No meio da discussão teórica e das dificuldades práticas para a implantação do juiz de garantias no Brasil, há uma discussão política. A caneta do presidente Jair Bolsonaro poderia ter beneficiado o senador Flávio Bolsonaro, filho dele. 

Flávio é investigado, suspeito de lavagagem de dinheiro e peculato (desvio de dinheiro ou bem público) por meio de "rachadinha" ou rachid, que é a prática de ficar com parte dos salários de servidores públicos. E esses não necessariamente trabalhavam no gabinte do então deputado estadual, que é o cargo que Flávio ocupava na época dos fatos sob apuração. 

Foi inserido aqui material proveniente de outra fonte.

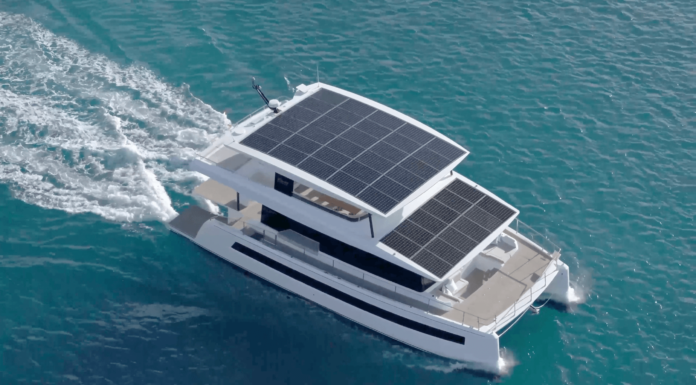 CATAMARANES -SILENT YACHTS 62 DE 3 CUBIERTAS OPEN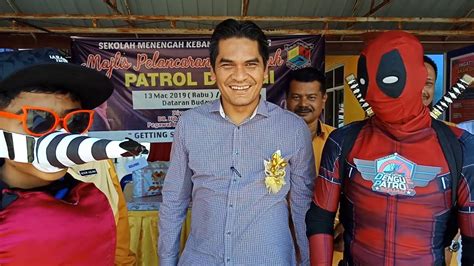 Come on we share some latest information about mohd badhri mohd radzi about his biography, net worth, career, income, and expenses. Dr.Mohd Radzi Md Jidin supports SMK.Geting Dengue Patrol ...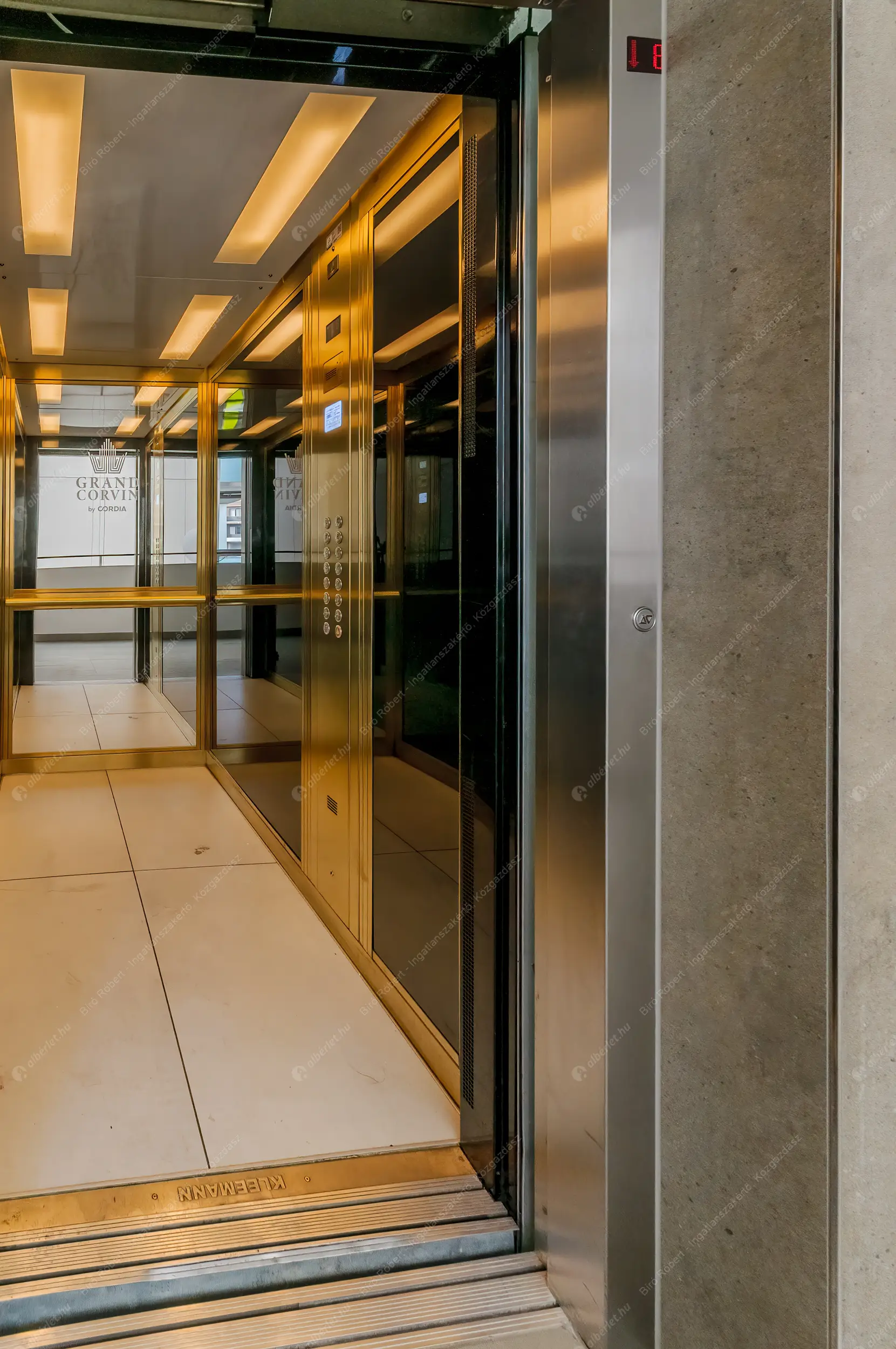 Kiadó albérlet 400000 Ft/hó áron: Budapest, VIII. kerület  Corvin sétány. Mérete: 62 nm, 3 szobás | Alberlet.hu - 6555068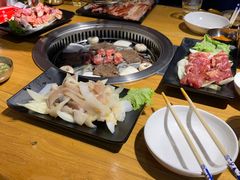 -枣玛露炭火烤肉脊骨锅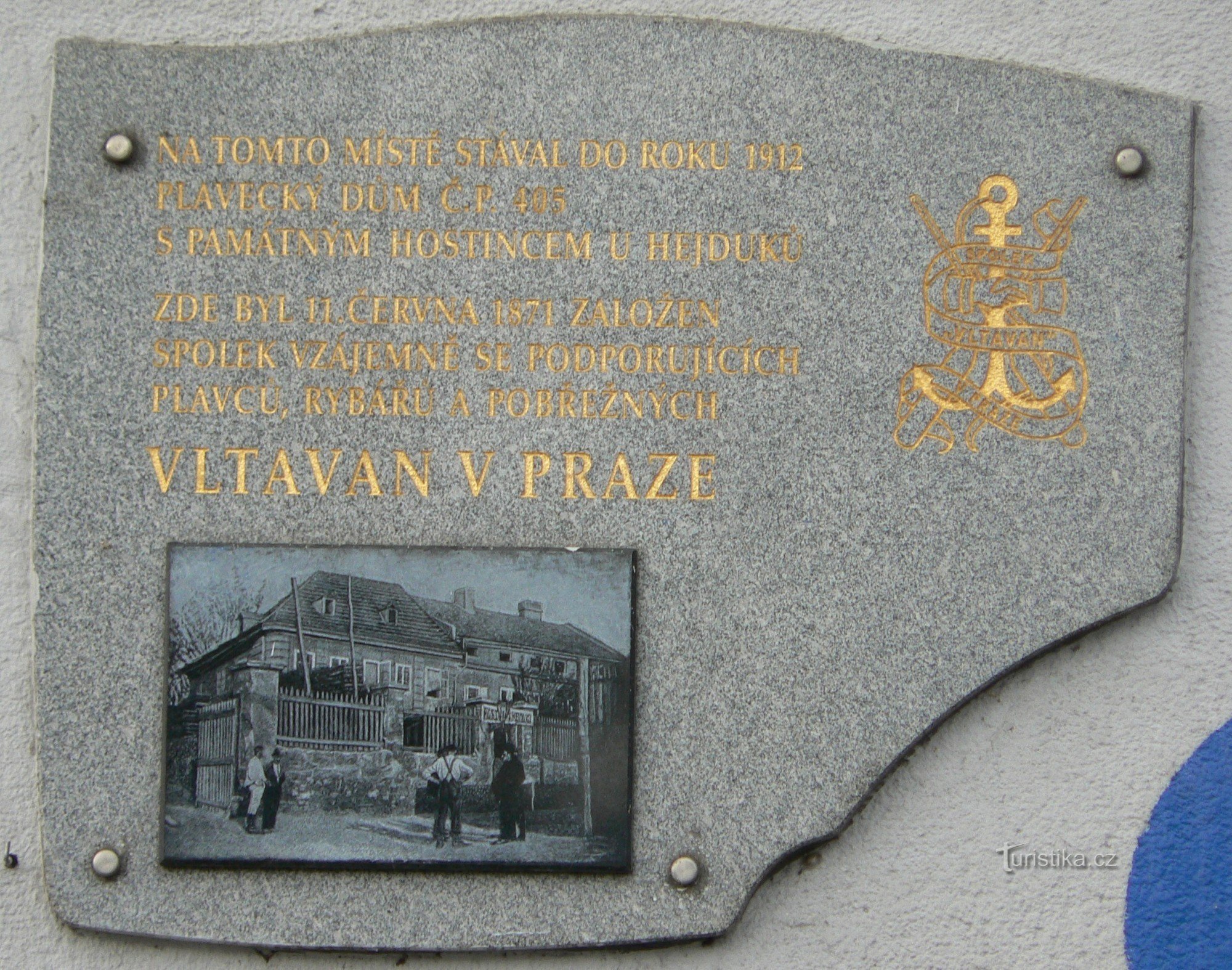 Plaque commémorative de l'Association Vltavan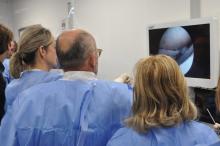 Sessió de formació en un innovador laboratori mòbil en cirurgia traumatològica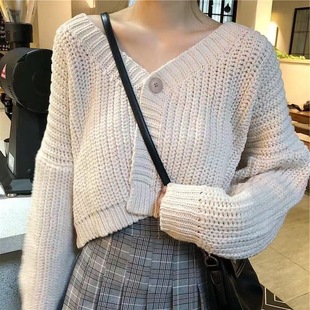Осень 2023 Новый модный дизайн Sense Lazy Style Свободный короткий вязаный свитер с длинным рукавом Кардиган Куртка для женщин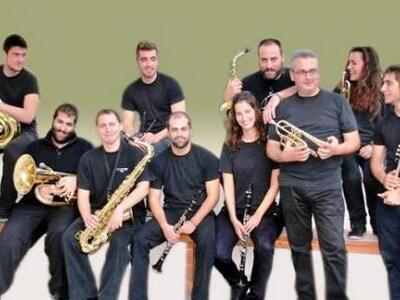 Το συγκρότημα Blowin' in the wind σε ένα...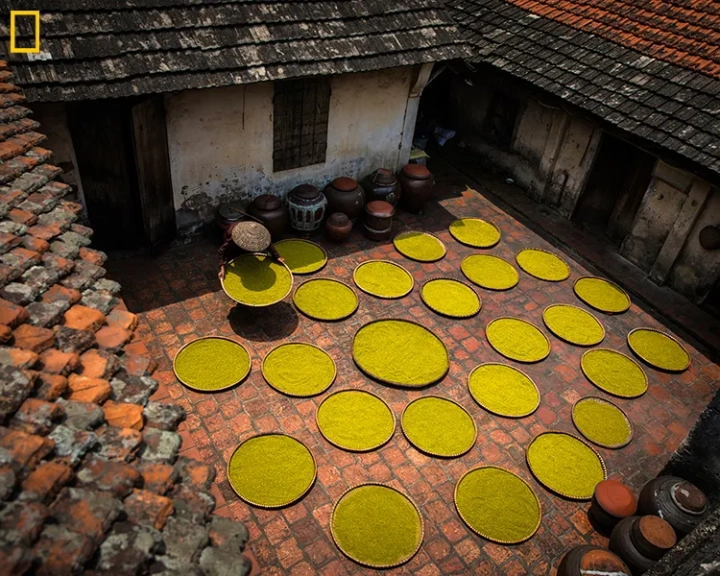 Drying soy sauce, Hanoi, NG046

Se o juiz das garantias fosse aplicado a casos já em andamento, o juiz que cuida do processo de Flávio Bolsonaro poderia ser impedido de julgá-lo. O próprio presidente Bolsonaro já criticou esse juiz, Flávio Itabaiana de Oliveira Nicolau. Aliás, o presidente já disse até que, se pudesse, teria "cancelado" a investigação que mira o filho. 

VALE PARA CASOS EM ANDAMENTO?

Ricardo Gueiros diz que, sob a ótica do Direito Processual Penal, a lei pode, sim, retroagir. A questão, no entanto, também é política. Juridicamente falando também há dúvidas. O juiz das garantias seria aplicado a casos em que um magistrado já proferiu decisões na fase de investigação? Valeria somente para casos que ainda estão sob a alçada da Polícia Civil? 

"Por exemplo: Houve um assalto em Vitória. O juiz já determinou a prisão preventiva (portanto, antes do julgamento) do assaltante. Depois determinou a soltura. O Ministério Público pediu para prender de novo. Quem vai atuar? O juiz de garantias ou o que já atuou? E se for um caso que o juiz não atuou de forma nenhuma porque só estava na fase de inquérito? É com o juiz ou com o de garantias Juridicamente falando, sob o ponto de vista constitucional e legal a lei vale de imediato inclusive para casos que estão tramitando. Mas analisando caso a caso a situação é complexa. Tem que esperar o Supremo Tribunal Federal", resume Gueiros.

O Conselho Nacional de Justiça (CNJ) criou um grupo de discussão para analisar o pacote anticrime.